The most worst (I like that phrase) thing that ever happened to Andrew was that his parents made him move in the 7th grade -- that was absolutely awful -- but Andrew was okay eventually and made good friends during his life there.
Now, 25 years later, it has been interesting watching his life unfold. I have watched him struggle and overcome many obstacles. He told me he wanted to go to a major university and I really did not think it possible. We found a program at NC State that was perfect for him and so, there, he accomplished his goal. (I still remember the day his acceptance letter came - I had to open it and I cried and laughed and jumped and yelled all at one time.)
The name Andrew means "manly." Andrew fits that perfectly.

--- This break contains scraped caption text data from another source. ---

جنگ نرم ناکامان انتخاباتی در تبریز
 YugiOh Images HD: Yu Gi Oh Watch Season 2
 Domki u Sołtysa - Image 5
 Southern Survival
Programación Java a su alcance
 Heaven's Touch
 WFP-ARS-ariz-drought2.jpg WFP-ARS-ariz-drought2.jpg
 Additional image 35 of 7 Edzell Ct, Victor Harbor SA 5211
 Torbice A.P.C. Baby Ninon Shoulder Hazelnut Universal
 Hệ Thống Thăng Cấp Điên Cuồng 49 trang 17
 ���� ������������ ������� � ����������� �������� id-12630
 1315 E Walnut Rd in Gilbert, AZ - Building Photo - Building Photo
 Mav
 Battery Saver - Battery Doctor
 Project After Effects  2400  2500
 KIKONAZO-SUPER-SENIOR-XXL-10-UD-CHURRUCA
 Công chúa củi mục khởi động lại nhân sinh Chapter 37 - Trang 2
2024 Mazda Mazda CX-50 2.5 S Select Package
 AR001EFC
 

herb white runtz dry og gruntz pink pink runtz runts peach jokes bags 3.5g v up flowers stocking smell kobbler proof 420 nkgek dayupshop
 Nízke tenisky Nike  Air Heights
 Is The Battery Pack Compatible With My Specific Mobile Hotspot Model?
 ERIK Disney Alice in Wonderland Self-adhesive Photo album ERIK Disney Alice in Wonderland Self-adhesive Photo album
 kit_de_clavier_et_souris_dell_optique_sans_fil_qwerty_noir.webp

My prayer is that God will bless him beyond measure because he really does strive to do His will.
So today, as I have done every year for 25 years, let me ask Andrew a question: "Did I ever tell you about the day you were born?"

Monday, December 1, 2008

Happy Birthday, Mr. Rich!

Today is my Mr. Rich's birthday !!! There was a time this summer when I was wondering if we would see another birthday for him. Praise GOD we still have him and he has recovered. It is so good to have the old Mr. Rich back ---- I love him.